Below are some records. Write out the lines from the one containing "Once the precultures" to the last line, word for word, leaving out pictures.

--

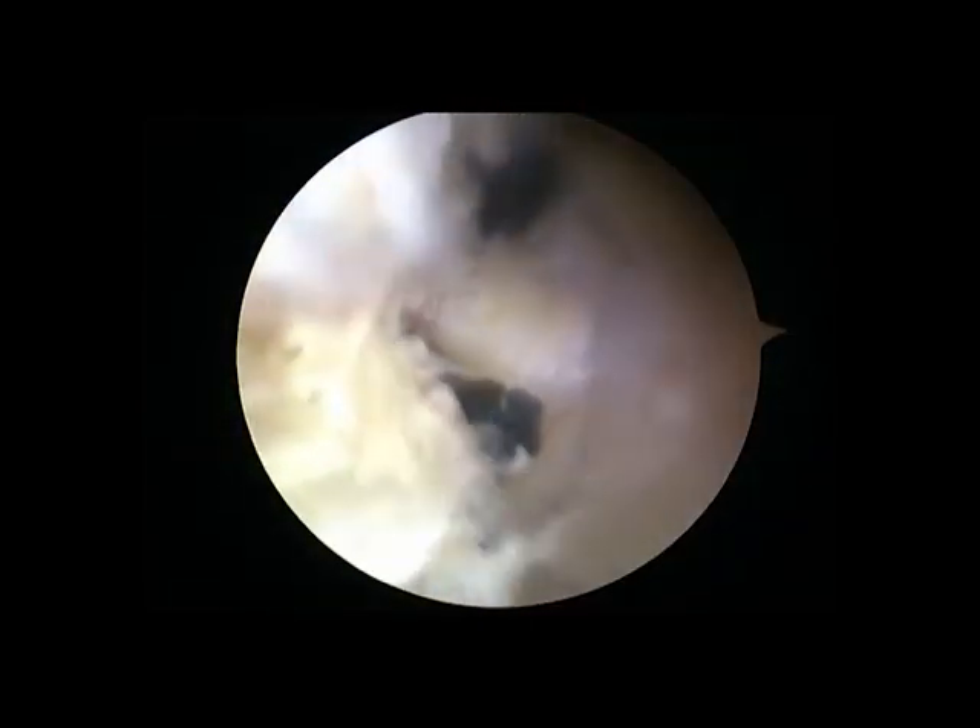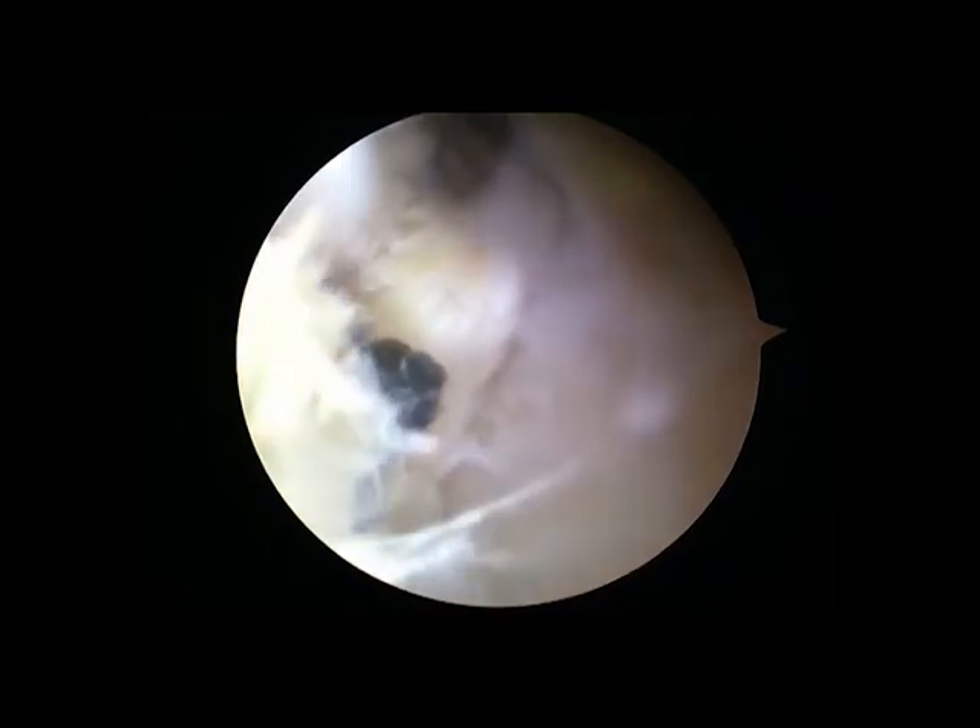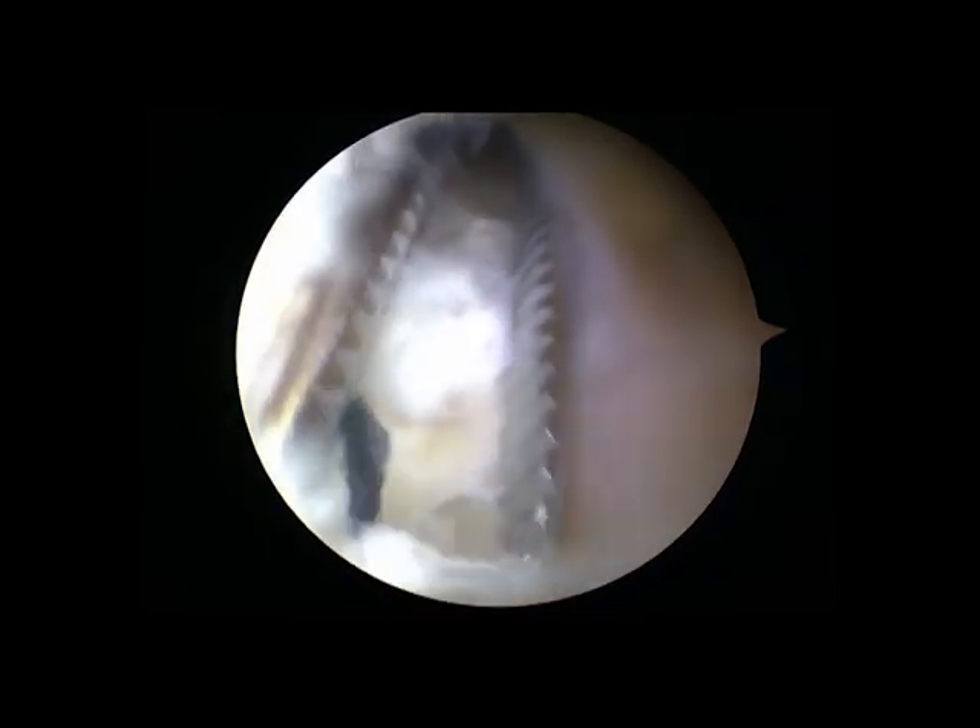As shown in the video, a non-absorbable suture can be seen, and it is then removed.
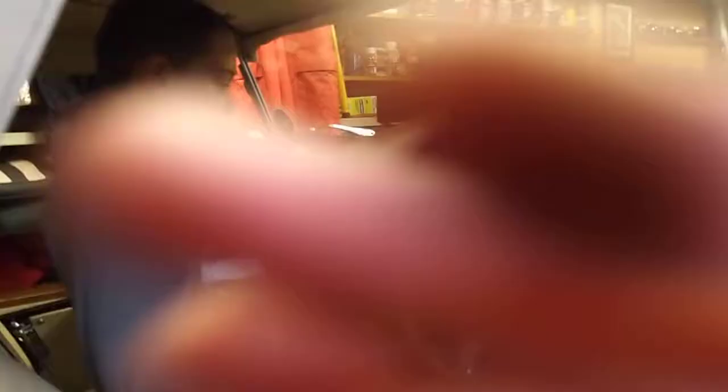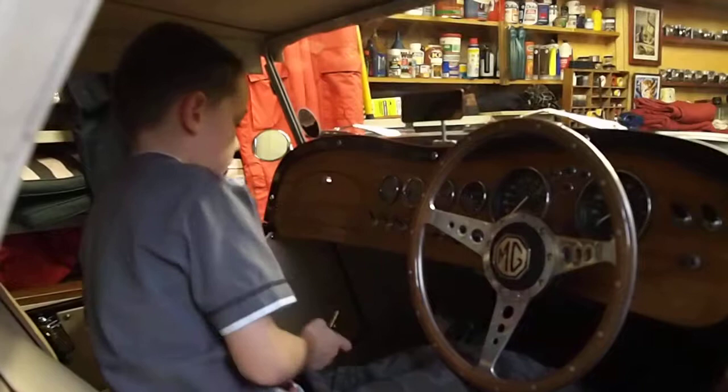And this is the miles per hour thing. And this is the faults, this is the fuel, this is the oil pressure and this is the temperature.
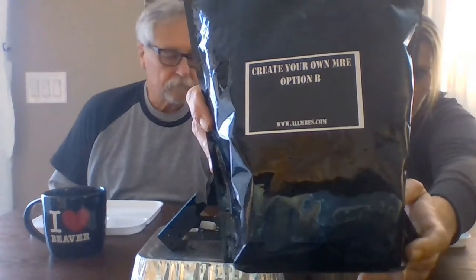Welcome to Vegan B TV! I'm Bob the veteran and I'm Heather the blonde, and Toby is chewing up a bone. Today we're trying food we've had forever and decided it's time to open. This one is a create-your-own MRE from AllMREs.com. It's option B — you can pick your main, your sides, and your drink.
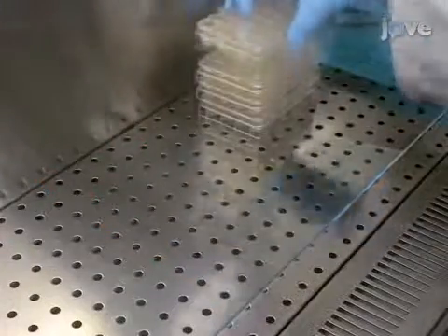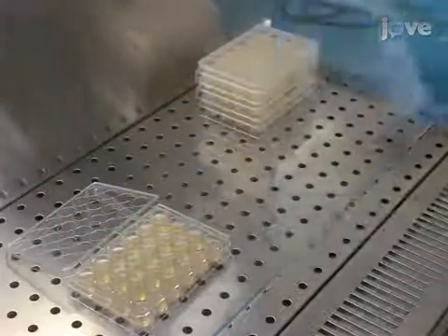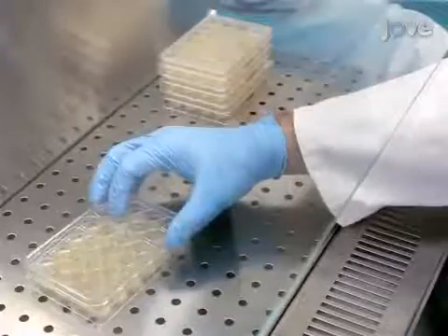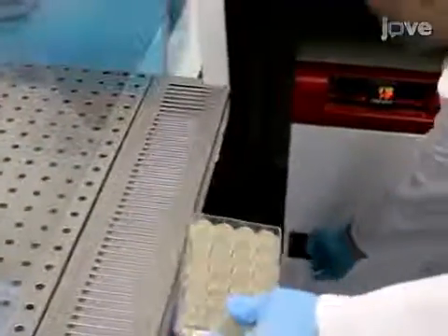Once the precultures are in the incubator, dry the LB agar plates in a hood with their lids off for about 10 minutes. Then invert the plates in a 37-degree Celsius plate incubator overnight.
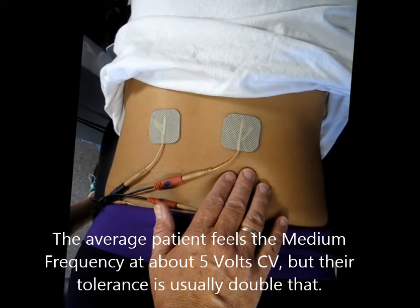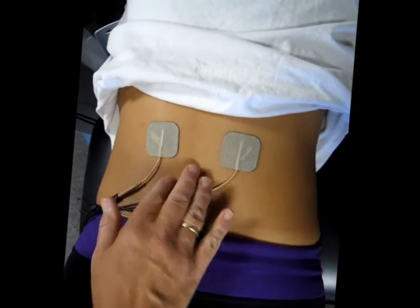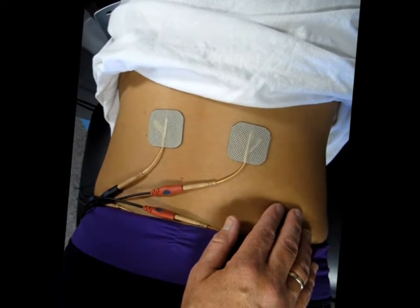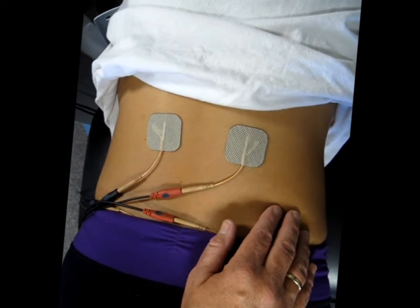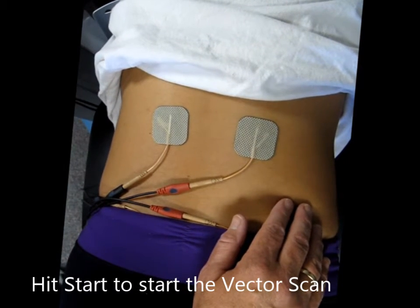And now what I'm going to do is hit start and let's see if we can see a difference. Sometimes on some people you can get the contraction so high. If you think we can go higher to make a bigger contraction, you let me know. So what I'm going to do is turn off the vector scan and bring up the intensity. I'm at 4, 5, 6, 7, 8, 9 — I'm at 12 now.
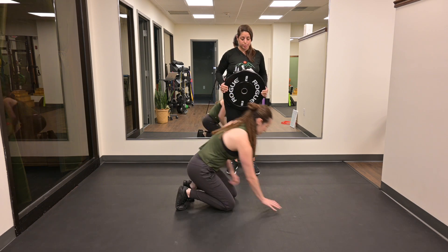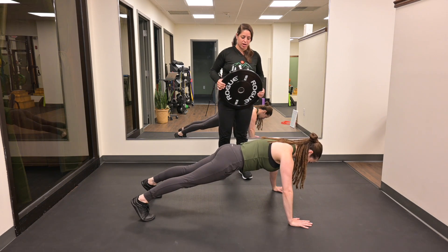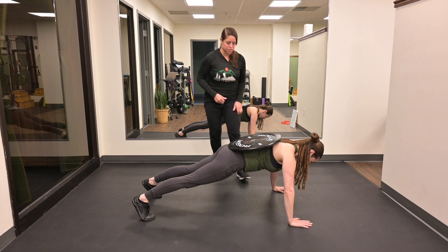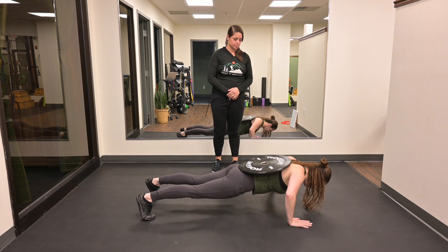Weighted push-ups. Megan's gonna get into a plank position, arms just outside her shoulders. She's gonna squeeze her glutes, drag tension through her core. We're gonna place a weight plate on her back, and then she's gonna do a push-up. Her body's like an arrow, elbows 45 degrees from her trunk.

--

• Output of the exercise:
Once the precultures are in the incubator, dry the LB agar plates in a hood with their lids off for about 10 minutes. Then invert the plates in a 37-degree Celsius plate incubator overnight.
And now what I'm going to do is hit start and let's see if we can see a difference. Sometimes on some people you can get the contraction so high. If you think we can go higher to make a bigger contraction, you let me know. So what I'm going to do is turn off the vector scan and bring up the intensity. I'm at 4, 5, 6, 7, 8, 9 — I'm at 12 now.
Weighted push-ups. Megan's gonna get into a plank position, arms just outside her shoulders. She's gonna squeeze her glutes, drag tension through her core. We're gonna place a weight plate on her back, and then she's gonna do a push-up. Her body's like an arrow, elbows 45 degrees from her trunk.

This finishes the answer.